A failed government is not defined by temporary setbacks, nor even by economic hardship. It is defined by a collapse of legitimacy, when the people no longer see leaders as protectors, but as predators. When power is used not to govern, but to plunder. When truth is buried beneath propaganda, and dissent is silenced by force rather than answered by reason.
A failed country is not a land without wealth, but a land where justice is absent. Where security is traded for fear, opportunity for favoritism, and institutions rot from within. It is when corruption becomes the operating system, and the constitution nothing more than a decorative relic.
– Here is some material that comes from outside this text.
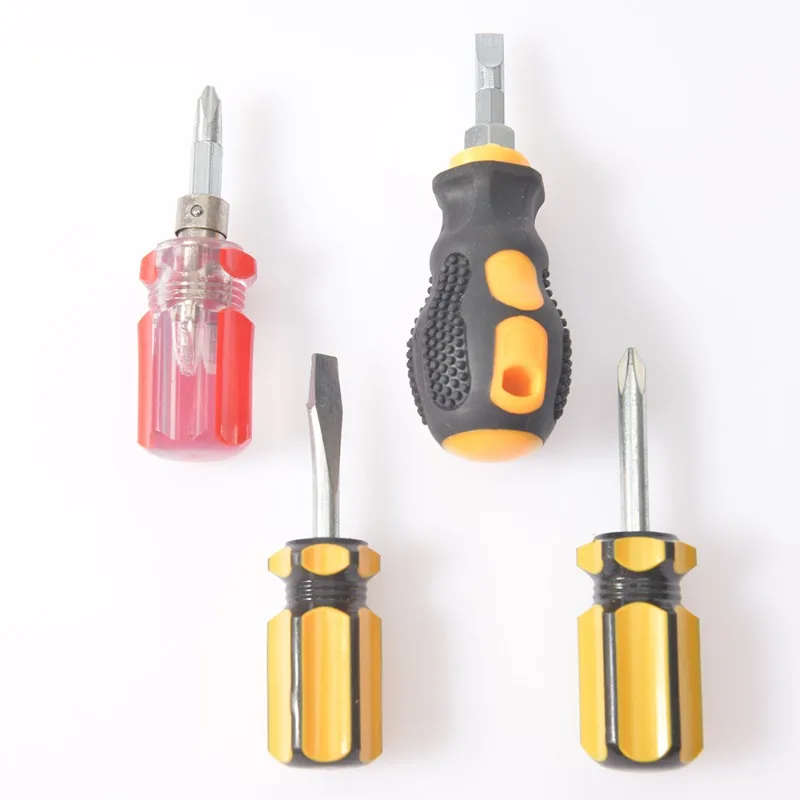 Mini Turnip Head Screwdriver Magnetic Dual-purpose Slotted Cross Plum Flat Mouth Ultra-short Small Modified Cone Screwdriver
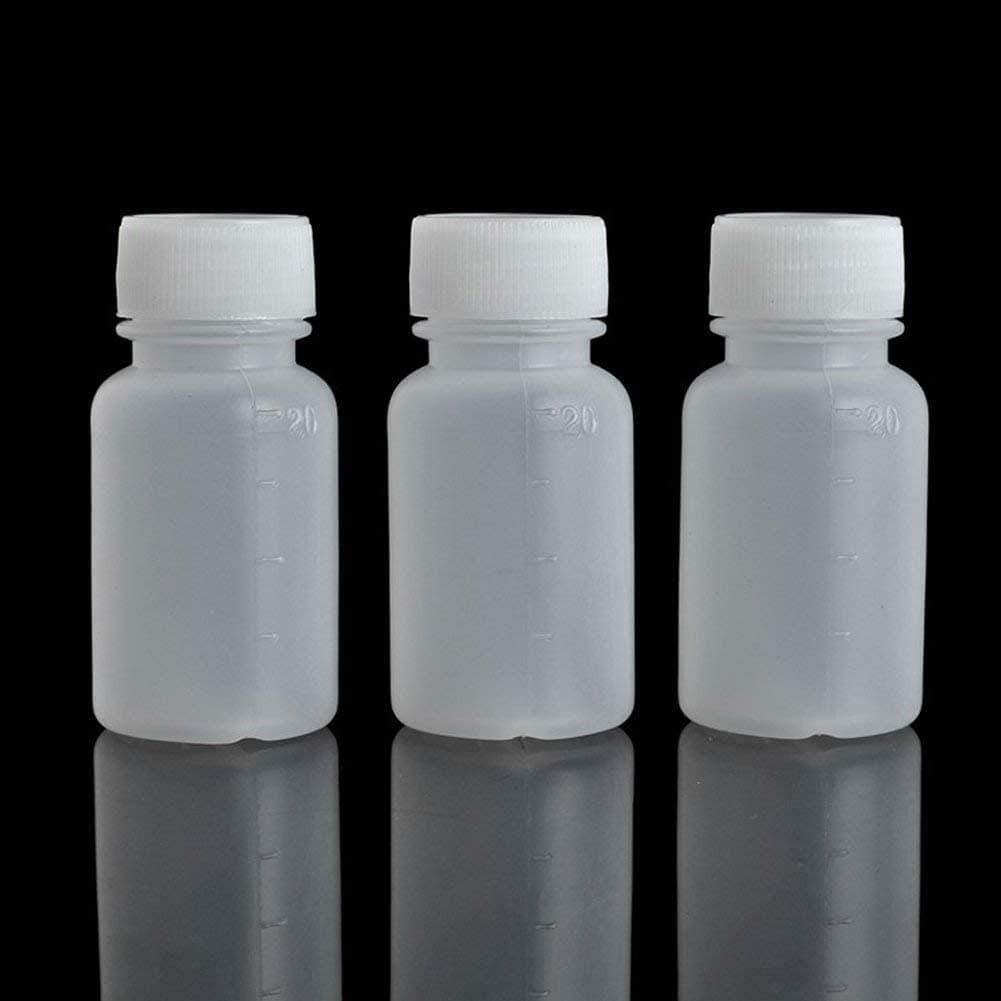IZZONIPE Plastic Empty Small Mouth Graduated Lab Chemical Container Reagent Bottle Sample Sealing Liquid Medicine Bottle (100PCS 20ml)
Here’s the darkened Garuda, stripped of its golden radiance. The bull, once a symbol of democracy, now stares hollow-eyed as public will is sold to the highest bidder. The banyan tree, meant to represent unity, now casts shadows of division and fragmentation. The rice and cotton, symbols of prosperity, lie barren under monopolies and systemic greed. The chain, once the strength of solidarity, rusts into a shackle of oppression. And the star, once a guiding light, dims into the emptiness of hypocrisy.
The government has failed. The system has failed. But a nation dies only if its people surrender. The Garuda in darkness does not signal the end. It signals a choice: accept the failure, or ignite renewal. In that choice lies the fate of the republic.